David A. Dunbar
Analyst · BB&T Capital Markets
Yes, let me to start with the watchouts first, that's maybe easier -- it's a shorter list, actually. As all other industrial companies, we're watching Europe closely. We saw -- we had good sales in Europe in the quarter, although we started to see some softening in the quotation activity. So we'll see how that plays out. That could soften demand in Europe. China, we had a good quarter in Engraving. Although Electronics started to show some softening in China. So there again, just keeping an eye on it for the quarter. And I think I also mentioned exchange rates. We do a fair -- that's what, about 30% of our business is non-dollar-denominated transactions, so the strong dollar would impact that. It's not a market effect, but obviously we transit everything back to dollars. In North America, our biggest markets, Food Service market is a healthy one. The food service industry groups report this year volumes are projected to grow, depending on who you listen to, 4% to 5% for the market. And you see the other players are announcing growth as well there. Auto rollouts and refreshes, we're at the tail end of a period of significance -- significant activity there. We expect that to taper through the year. So our Engraving team is focusing on more consumer goods, electronics and things like that, to fill the gap. They think they can -- they'll maintain their long-term growth rate with that transition. In Engineering products, the space activity was strong this last quarter. Our other businesses tend to be more project-based. So for example, our land-based turbines in energy and our sales to oil and gas were softer in the quarter. We think largely because of timing of projects. And we expect those to be relatively stable this year, relatively flat. And Electronics, no dramatic change there, just a steady upward tick in that business as our customers want more measurement points in their products, and we're able to deliver them. And I think I mentioned that our mix of product in Electronics has ticked up. I think last quarter, it was about 43.5% sensors -- I mean Q4. In Q1, that ticked up to 45%. So we continue to see an ongoing evolution to higher-level solutions.

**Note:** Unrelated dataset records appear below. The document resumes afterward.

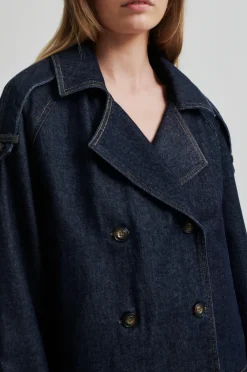 SECOND FEMALE Columbus Trench Jacket Dark Blue Denim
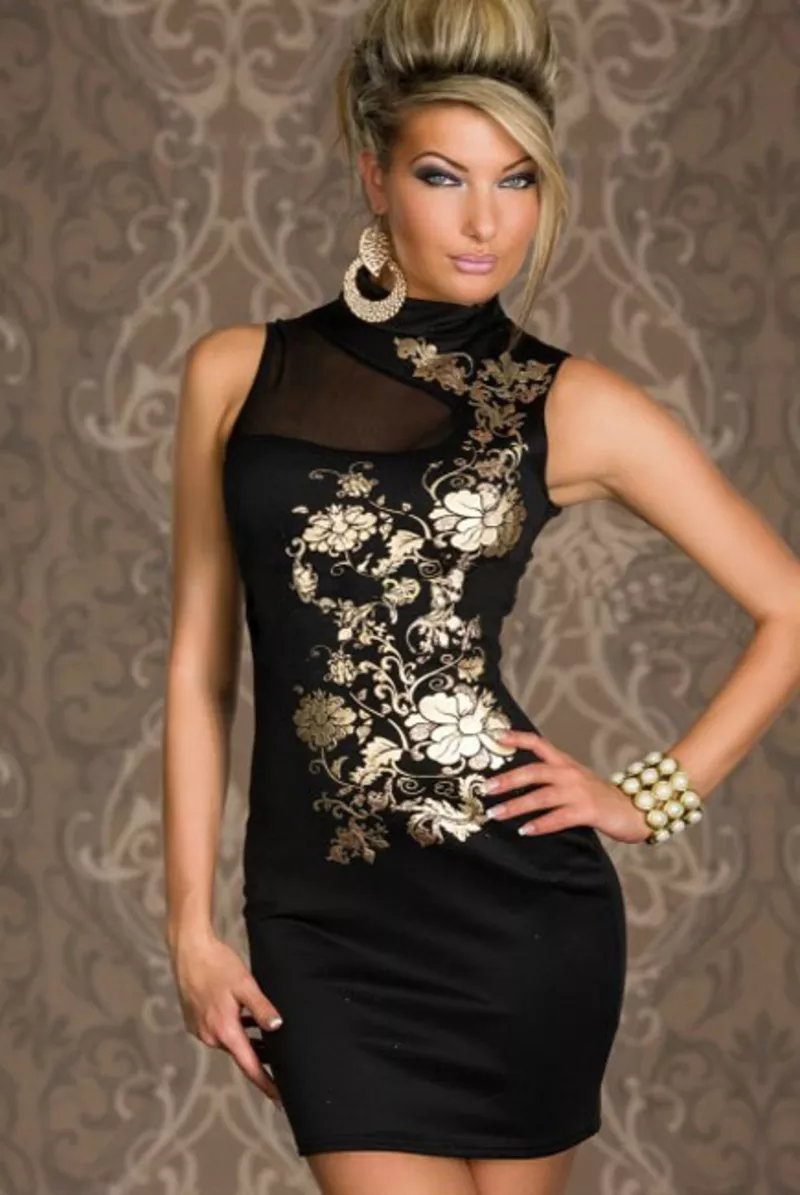 черно-золотое платье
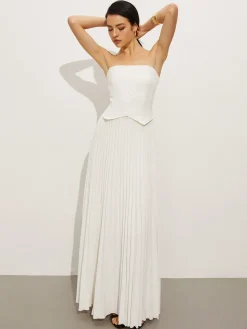 Wrap Off-Shoulder Pleated Dress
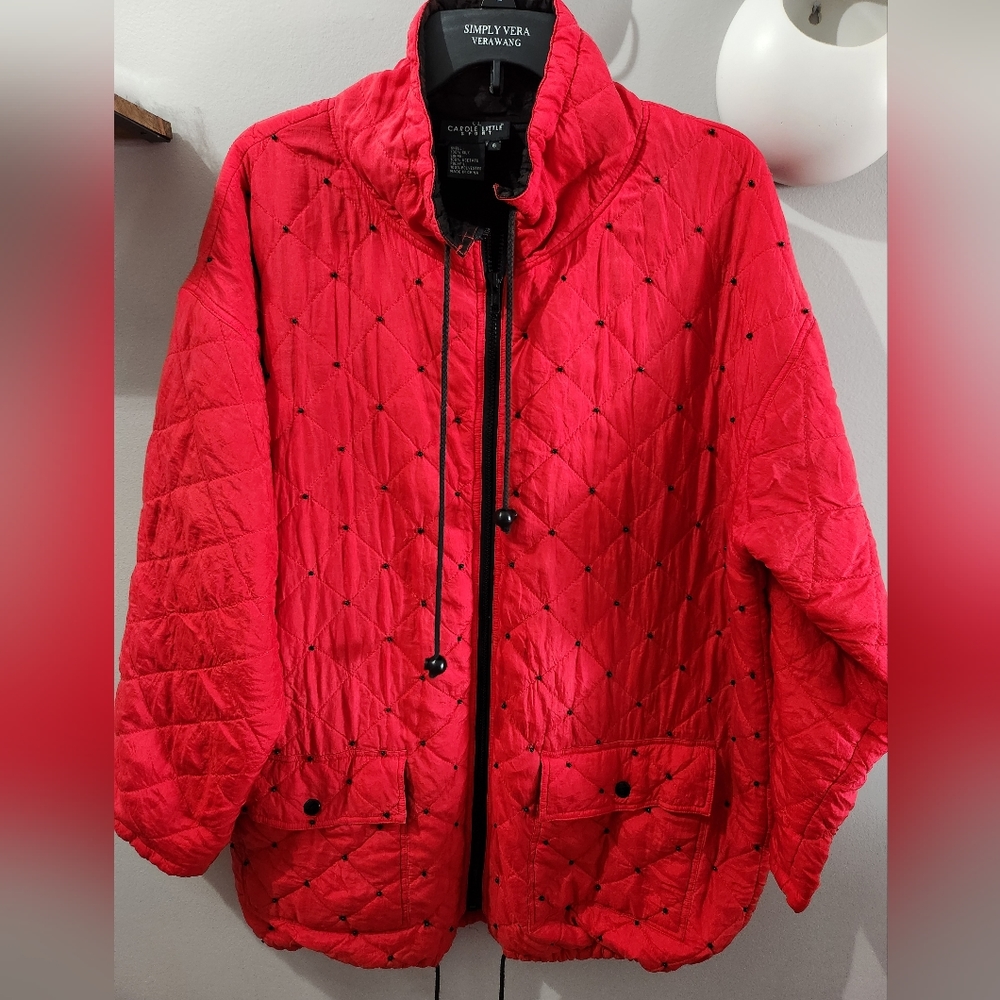 Carole Little Sport NWOT Red/Black Silk, Quilted Jacket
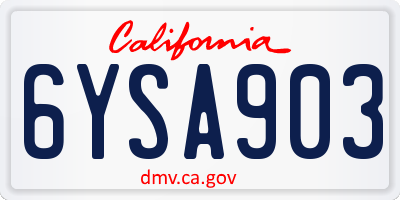 CA license plate 6YSA903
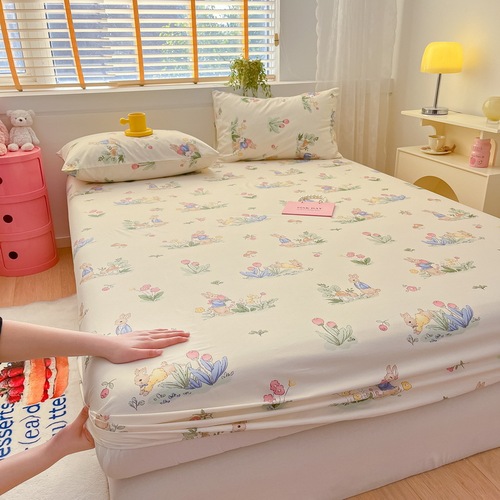 Single piece printed cotton fitted sheet single product Simmons mattress protector single double bed cover three piece set wholesale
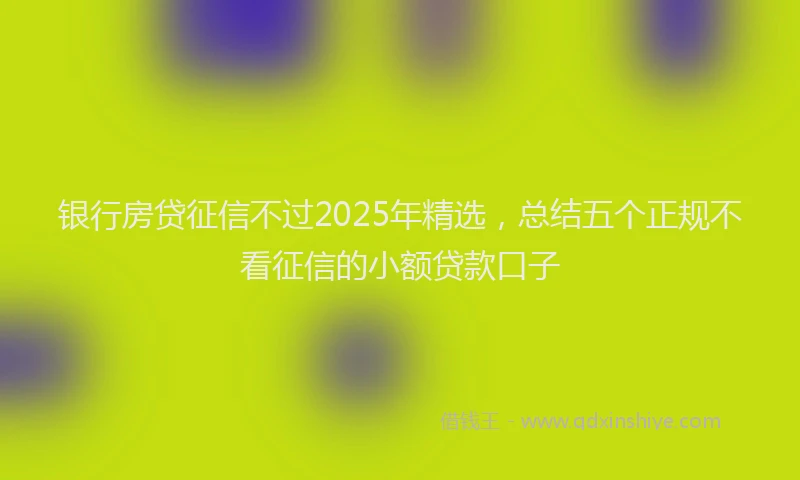 银行房贷征信不过2025年精选，总结五个正规不看征信的小额贷款口子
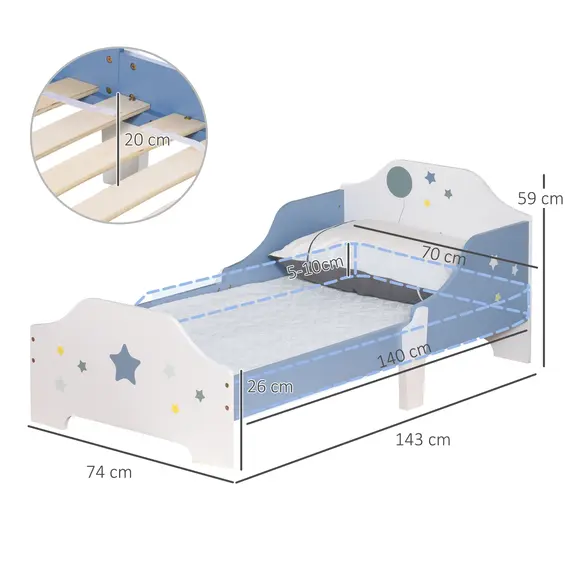 Buy Toddler Bed Frame, Kids Bedroom Furniture for Boys Girls with Safe Guardrails, Low Junior Blue, 3 image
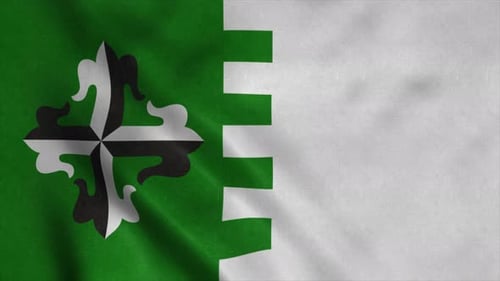 Seamless Loop of Waving Green and White Flag with Ornate Cross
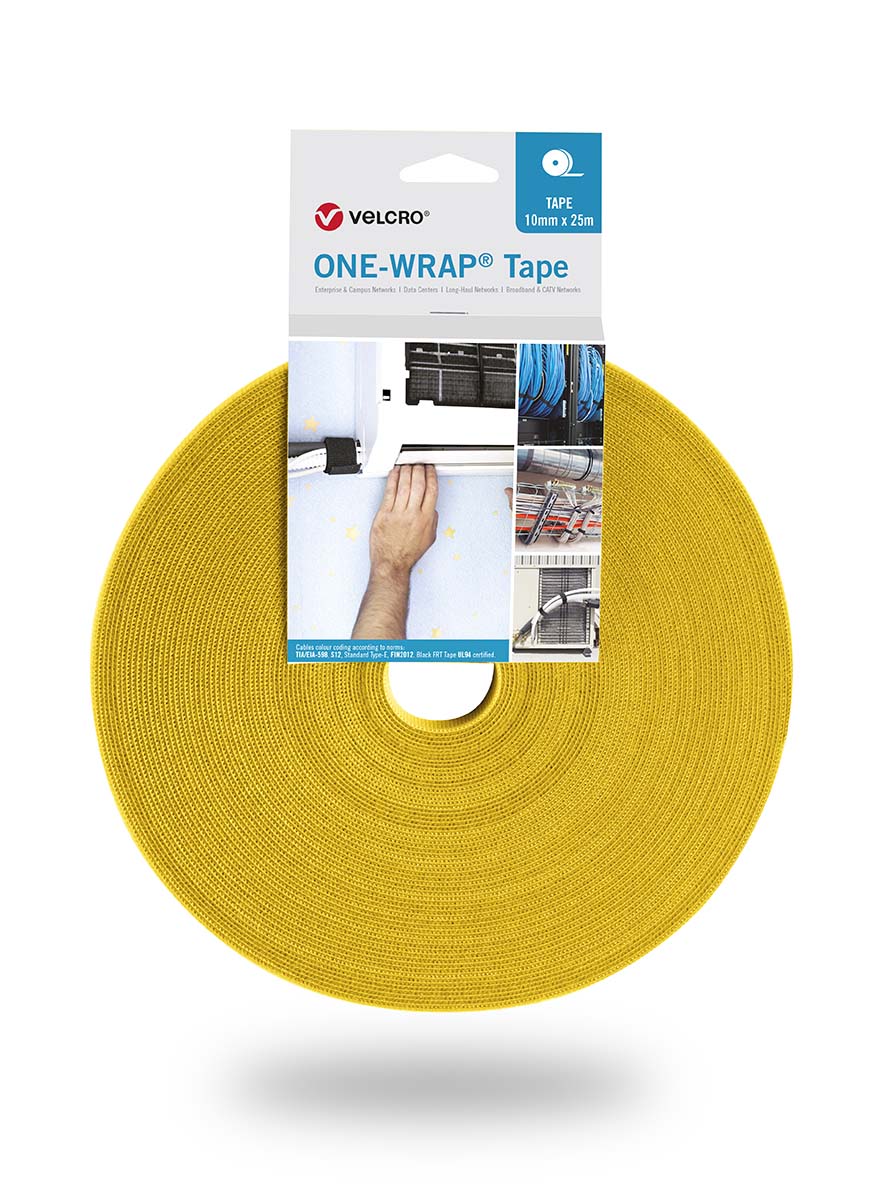 VELCRO® Yellow Hook & Loop Tape, 10mm x 25m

Christopher Schon Williams - BB&T Capital Markets, Research Division: All right, that's helpful. And then if I could dive into some of the segments here. Obviously, very good growth out of the food equipment business, double-digit organic growth. That's compared to also double-digit last quarter. I mean, is that type of growth rate, is that sustainable? Or is there anything -- I know there was -- there's been a little bit of catch up maybe from Nogales and some rollouts as well. I'm just trying to get a sense of should we expect that type of growth rate over the near term?